Correlation of I_Ca amplitude during weak sinusoidal stimulation with the frequency selectivity of ΔC_m. Combined whole-cell and perforated-patch data. (a) Representative current traces from one cell that had a large I_Ca and one cell that had a small I_Ca. (b) To quantify the preference for 50 Hz in each cell, we divided the ΔC_m at 50 Hz by the mean ΔC_m at all three frequencies and correlated this measure with the mean integrated Ca²⁺ influx across frequencies for perforated-patch (gray inverted triangle) and whole-cell (black inverted triangle) recordings. The regression line and correlation coefficient are shown.

Fig. 5.

Frequency selectivity in individual cells. ΔC_m responses from the subset of cells in Fig. 3, from which two or more stimulus presentations were delivered at each frequency.

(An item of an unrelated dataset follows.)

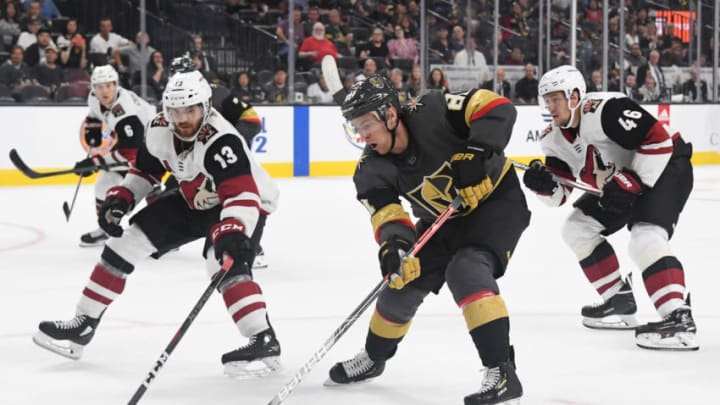 LAS VEGAS, NEVADA - SEPTEMBER 15: Jonathan Marchessault #81 of the Vegas Golden Knights skates with the puck against Vinnie Hinostroza #13 of the Arizona Coyotes in the second period of their preseason game at T-Mobile Arena on September 15, 2019 in Las Vegas, Nevada. The Golden Knights defeated the Coyotes 6-2. (Photo by Ethan Miller/Getty Images)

Sinusoidal stimuli were delivered for 1 s in a fixed order within each cell (e.g., 5, 50, 200, 5, 50, 200, and so on) and randomized between cells, with a 30-s interstimulus interval. (a) Averaged C_m traces for 10 stimulus presentations at each frequency to one cell (perforated-patch recording) collected over 15 min. (b) Means (±SEM) of within-cell means. Whole cell (n = 11): ΔC_m at 50 Hz (61 ± 9 fF) was significantly greater than at 5 Hz (35 ± 8 fF, P = 0.001) and 200 Hz (27 ± 11 fF, P = 0.0006); perforated patch (n = 11): ΔC_m at 50 Hz (70 ± 17 fF) was significantly greater than at 5 Hz (19 ± 12 fF, P = 0.012) and 200 Hz (20 ± 12 fF, P = 0.006). (c) Within-cell ΔC_m means (±SEM, number of repetitions in parentheses) are plotted across frequencies for 13 cells. Ensemble-averaged C_m(t) traces for two cells are shown in Fig. 10, which is published as supporting information on the PNAS web site.

Fig. 6.

Steep voltage sensitivity of I_m and ΔC_m. Continuous recording of V_m, I_m, and C_m in a cell that was presented with a series of sinusoidal voltage oscillations (50 Hz, ±5 mV, 10-s duration, 10 s between stimuli) centered at −70, −65, −60, and −55 mV (see also Fig. 7). (Inset) Enlargement of stimulus response (V_m) and current response (I_m) around the onset of the −60 ± 5 mV stimulus. The V_m oscillation during the rest period that ends at t = 65 ms appears as a broad black band in V_m and is the result of the 1.5-kHz probe from the lock-in amplifier, which is turned off during the 50-Hz stimulation.